La culture du secteur est en train d’évoluer vers des relations plus apaisées entre acteurs qui, jusqu’ici, ne communiquaient trop souvent que par lettre recommandée. Et, si les frontières des différents métiers restent nettes, elles se veulent de plus en plus poreuses. Prenez Habitéé, un promoteur rhônalpin d’un nouveau genre qui vise des prix de sortie abordables et non une marge confortable (lire p. 43). Dans son capital, on trouve des collectivités, des maîtres d’œuvre, des entreprises de travaux… Une initiative qui brise les codes afin de réaliser des projets qui ne trouveraient pas leur place dans un contexte traditionnel.
Les grandes mutations du secteur de la construction incitent à revoir les pratiques.
Ici, c’est l’ambition sociale qui pousse au désilotage. Ailleurs, ce sont les grandes mutations qui incitent à revoir les pratiques. Arnaud Tirmarche, le directeur général de Spie France, voit ainsi dans les innovations contractuelles alliant privé et public un levier puissant au service de la décarbonation des territoires (lire p. 12). Quant au développement du hors-site, il exige de revoir le séquençage habituel des projets pour faciliter les allers-retours entre maîtres d’ouvrage, entreprises, industriels et concepteurs (lire p. 16).

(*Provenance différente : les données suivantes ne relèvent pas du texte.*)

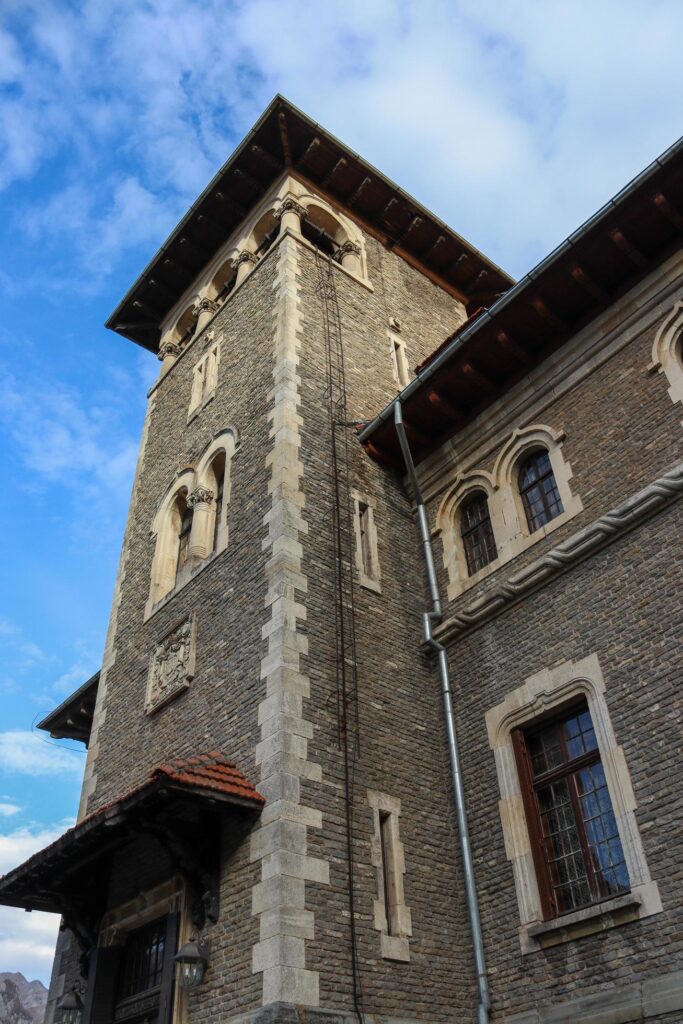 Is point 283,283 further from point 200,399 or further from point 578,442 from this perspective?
point 578,442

Au service d’opérations mieux ficelées, plus rapides et moins coûteuses, cette intensification des interactions s’annonce inévitable, et même souhaitable. A condition de mettre en place un certain nombre de garde-fous. Car, si les barrières freinent les échanges, elles préservent aussi le rôle de chacun. Faire cause commune ne signifie pas gommer les spécificités individuelles, en particulier dans un secteur où de puissantes structures côtoient de petites organisations. Les frêles esquifs comme les gros navires doivent former une armada hétéroclite suivant un cap unique, surtout pas se lancer dans une désastreuse bataille navale.